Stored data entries
··········

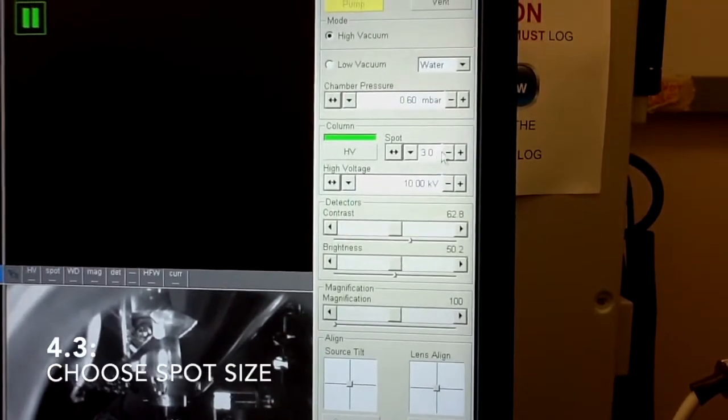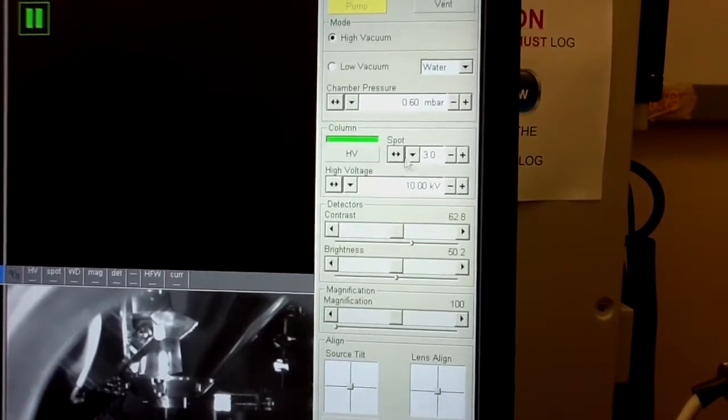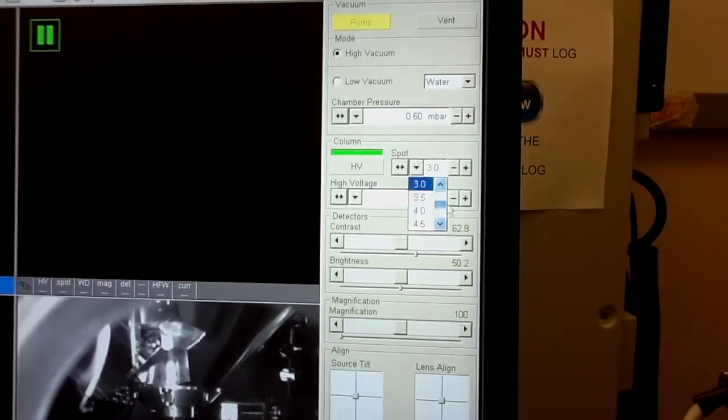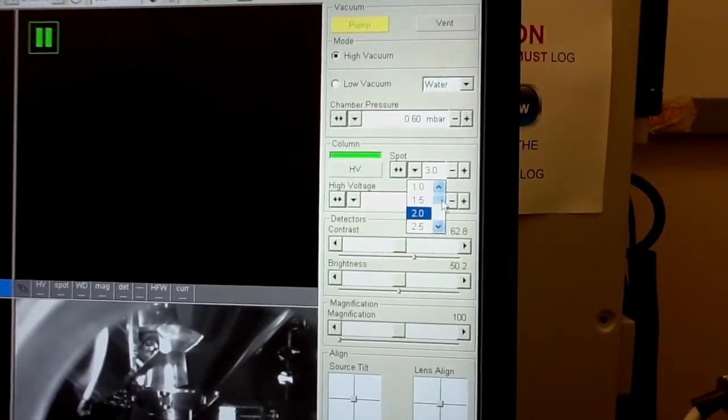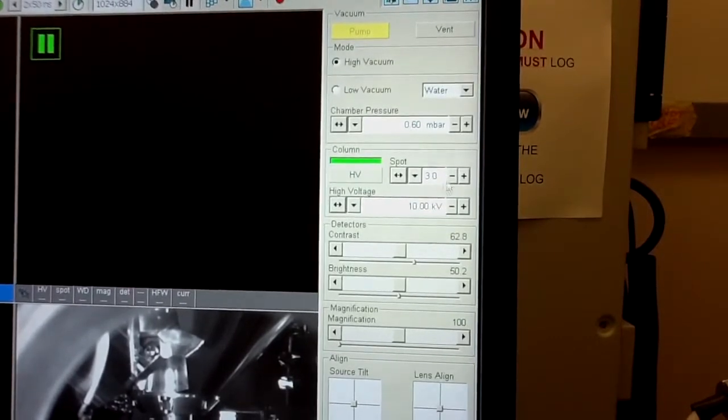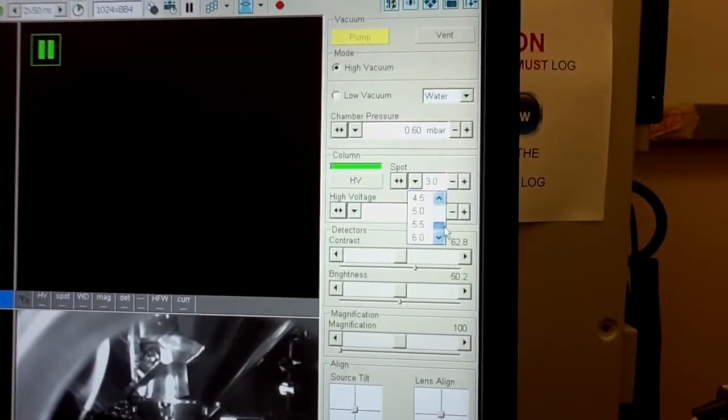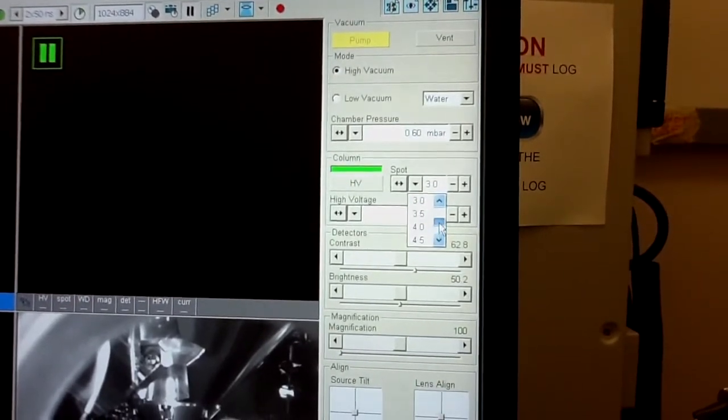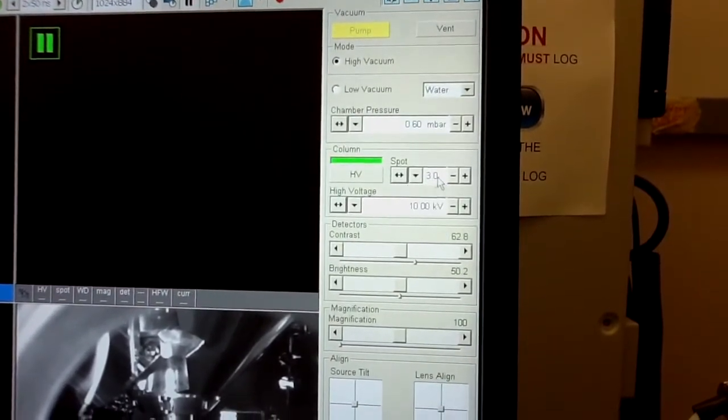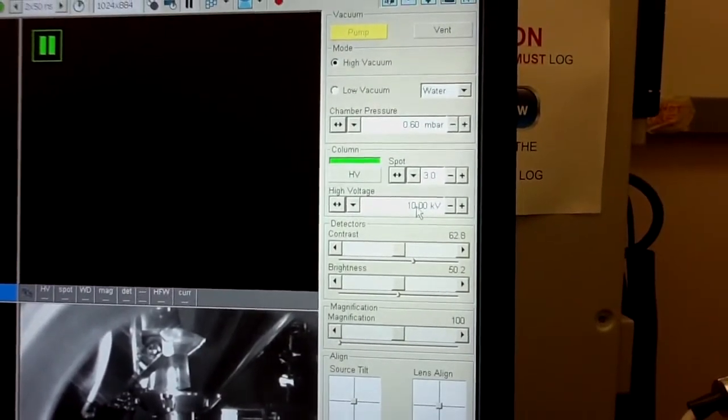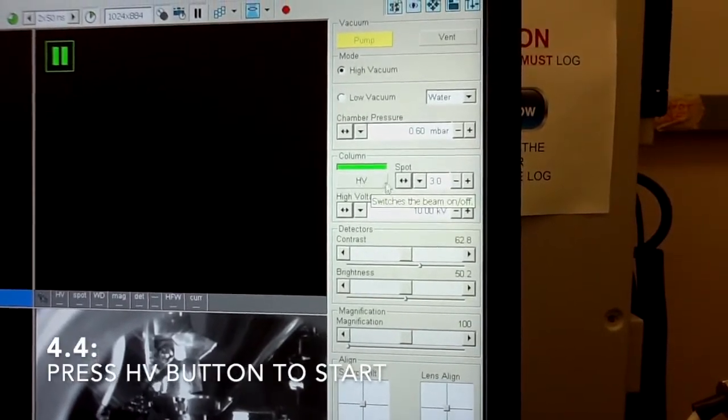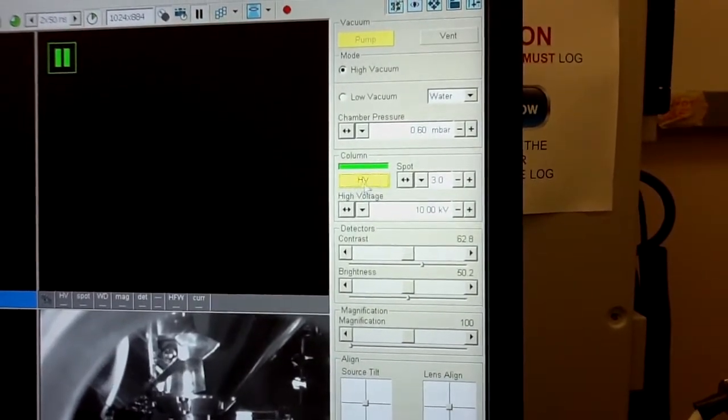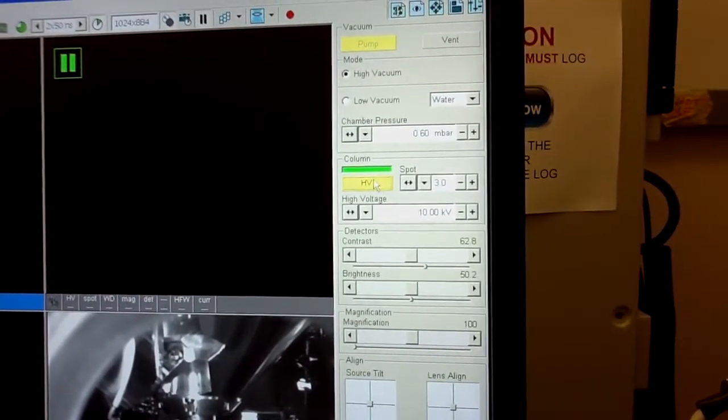Spot size of three is probably a good one to start as well. But you have a lot of options. So the smaller the number, less intensity will have. So don't go to too low number. On the other hand, higher the number means resolution is worse. So don't go to six because resolution will be very poor. So three is a good number to start. Once you are ready, you selected your high voltage value and spot size. You can click high voltage button and it should turn yellow, which means the high voltage has been applied.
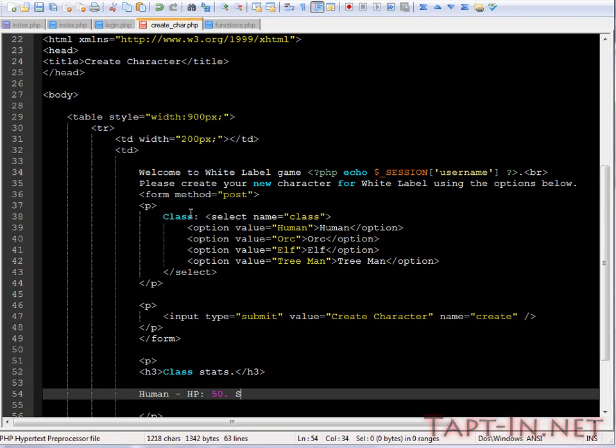This has HP of 50, we'll give them a strength of 10 and defense of 10.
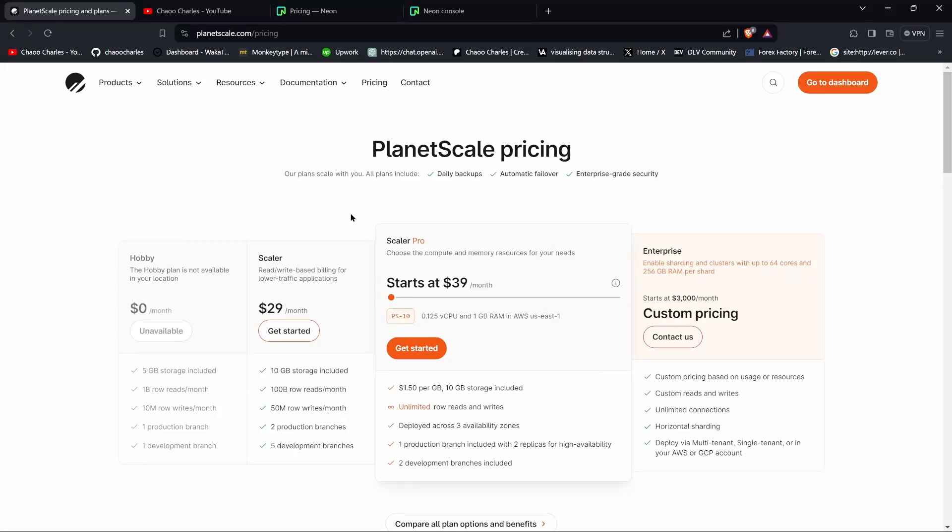Hey, what's up everyone, Charles here. PlanetScale removed their free or hobby tier in most locations, and as you can see right here, it's unavailable in my location. This is bad news for me and those who are following my course.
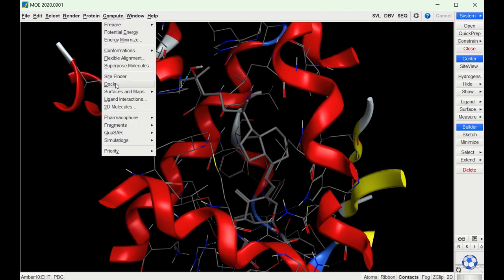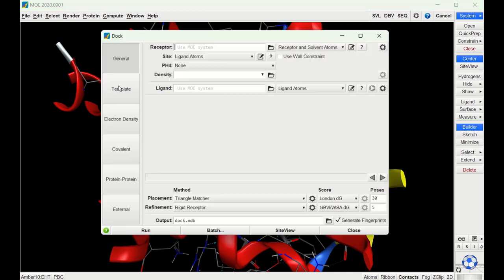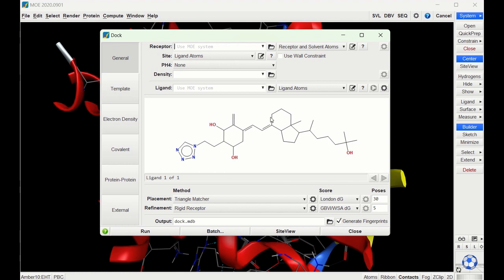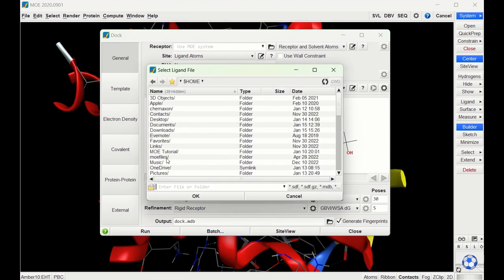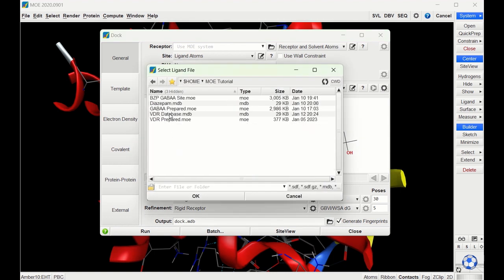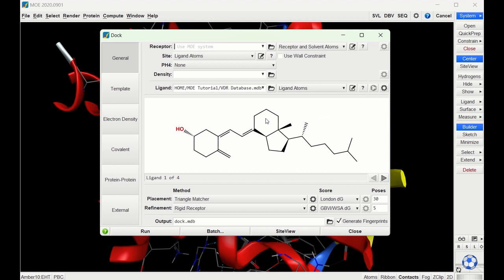To dock our ligands we go to Compute and Dock. Right now this is just showing the crystallized ligand that's in the receptor. PH4 stands for pharmacophore — we're not going to be using a pharmacophore right now, but a future video will cover that. Under Ligand we can choose the file icon, then choose our database, and now it's loaded in the ligands that it's going to dock.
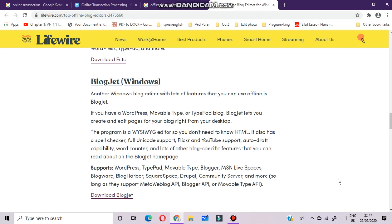BlogJet for Windows users: another Windows blog editor with lots of features that you can use offline is BlogJet. If you have a WordPress, Movable Type, or TypePad blog, BlogJet lets you create and edit pages for your blog right from your desktop. The program is a WYSIWYG editor so you don't need to know HTML. It also has a spell checker, full Unicode support, Flickr and YouTube support, autodraft capability and word counter, and lots of other blog-specific features available on the BlogJet homepage.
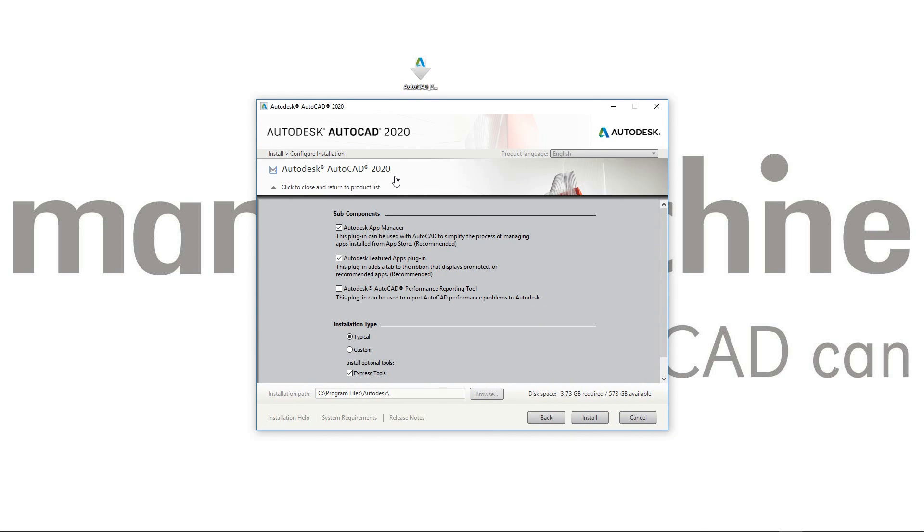As well as installing AutoCAD 2020, if you've not already got the Autodesk App Manager installed on your computer, that's going to install there. I would highly recommend you have that. It's quite a useful tool for making sure that your Autodesk products stay up to date.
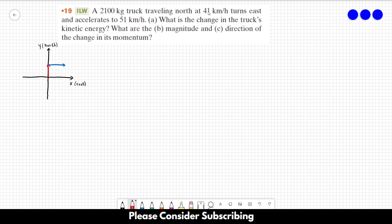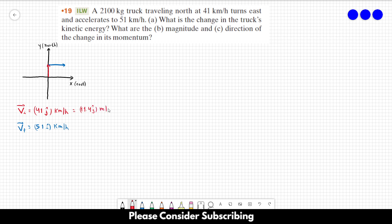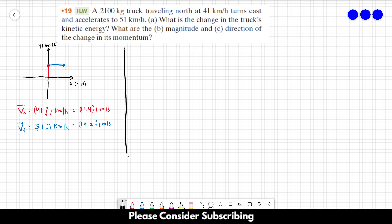We write the initial and final velocities in unit vector notation. The initial velocity is 41 in the j-direction kilometers per hour, and the final velocity is 51 in the i-direction kilometers per hour. Converting to meters per second by dividing by 3.6 gives us roughly 11.4 j meters per second and 14.2 i meters per second.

··········

* _WHAT THE EXERCISE ASKS_:
What lines above run from the one with "This has HP" to the one with "Hey, what's up"? Give them again exactly, ends included, and leave the pictures out.

* _ANSWER SECTION_:
This has HP of 50, we'll give them a strength of 10 and defense of 10.
Hey, what's up everyone, Charles here. PlanetScale removed their free or hobby tier in most locations, and as you can see right here, it's unavailable in my location. This is bad news for me and those who are following my course.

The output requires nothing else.